Add support for directly accessing kernel module variables from BPF programs
using special ldimm64 instructions. This functionality builds upon vmlinux
ksym support, but extends ldimm64 with src_reg=BPF_PSEUDO_BTF_ID to allow
specifying kernel module BTF's FD in insn[1].imm field.
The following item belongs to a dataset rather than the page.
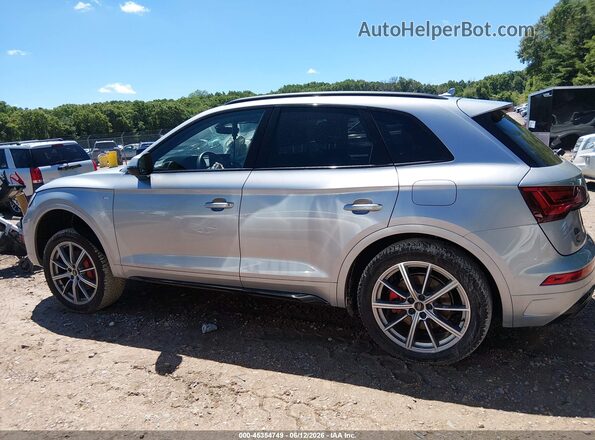 WA1E2AFY3R2139764 2024 AUDI Q5 Silver 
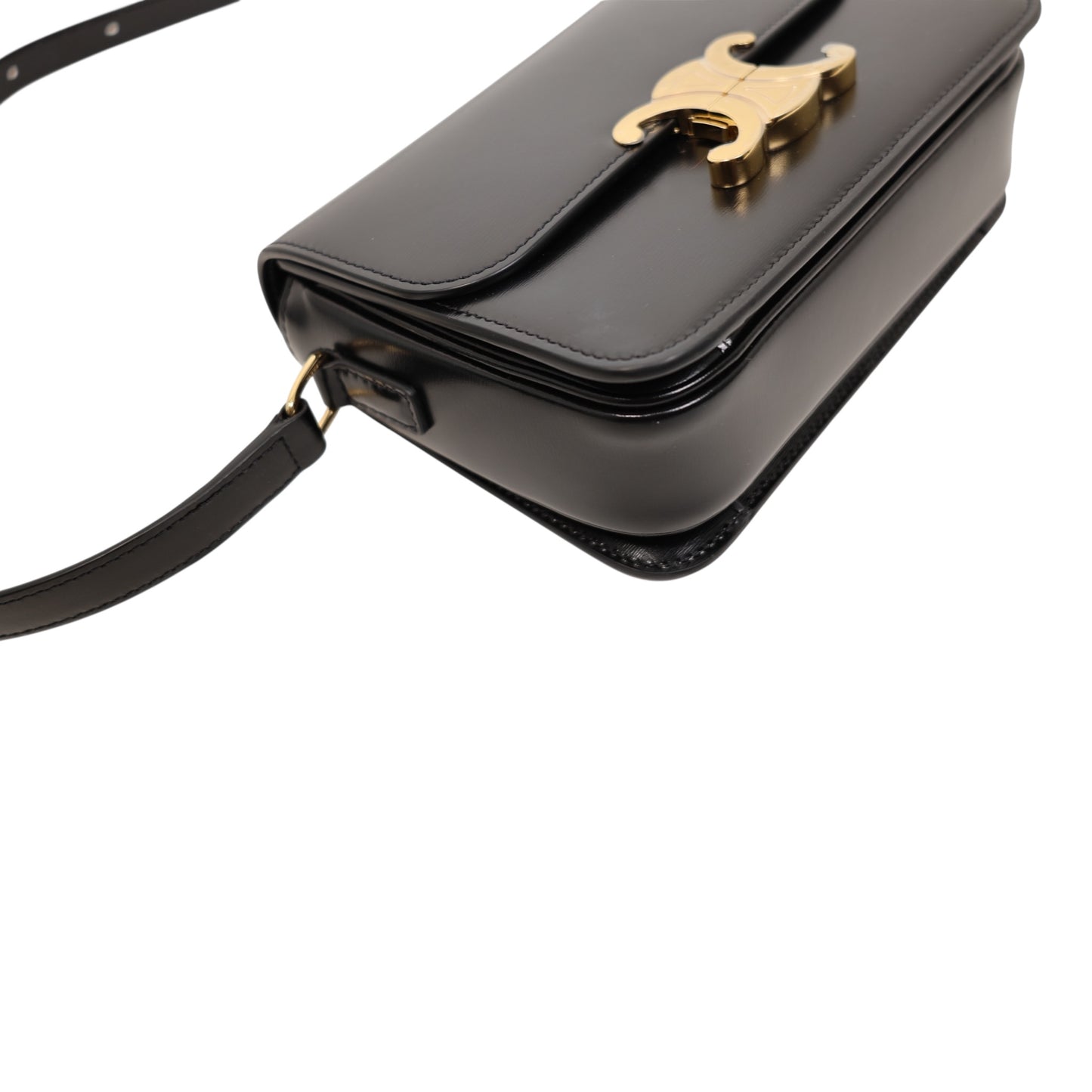Celine Teen Triomphe Bag in Shiny Calfskin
During BPF program load time, verifier will resolve FD to BTF object and will
take reference on BTF object itself and, for module BTFs, corresponding module
as well, to make sure it won't be unloaded from under running BPF program. The
mechanism used is similar to how bpf_prog keeps track of used bpf_maps.
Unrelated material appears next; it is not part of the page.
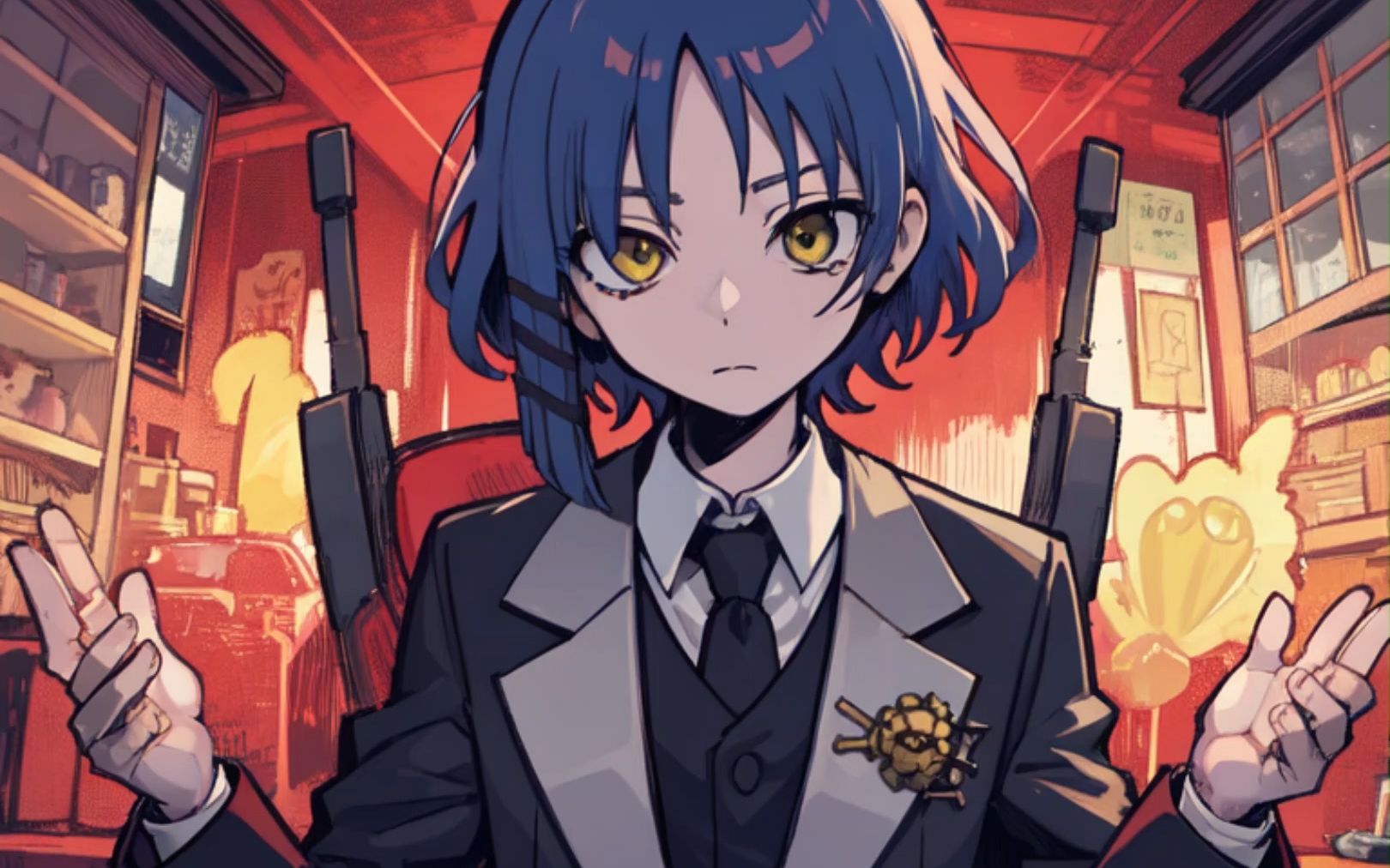 【ai图】山田凉的劲霸男装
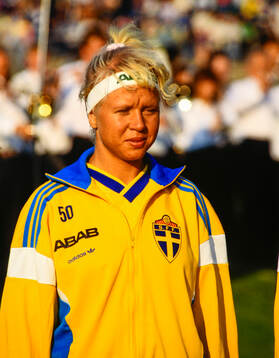 Åsa Persson, Sverige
Better naming suggestions for struct btf_mod_pair is greatly appreciated.

One interesting change is also in how per-CPU variable is determined. The
logic is to find .data..percpu data section in provided BTF, but both vmlinux
and module each have their own .data..percpu entries in BTF. So for module's
case, the search for DATASEC record needs to look at only module's added BTF
types. This is implemented with custom search function.

Signed-off-by: Andrii Nakryiko <andrii@kernel.org>
---
 include/linux/bpf.h          |   9 +++
 include/linux/bpf_verifier.h |   3 +
 include/linux/btf.h          |   3 +
 kernel/bpf/btf.c             |  31 +++++++-
 kernel/bpf/core.c            |  23 ++++++
 kernel/bpf/verifier.c        | 149 ++++++++++++++++++++++++++++-------
 6 files changed, 188 insertions(+), 30 deletions(-)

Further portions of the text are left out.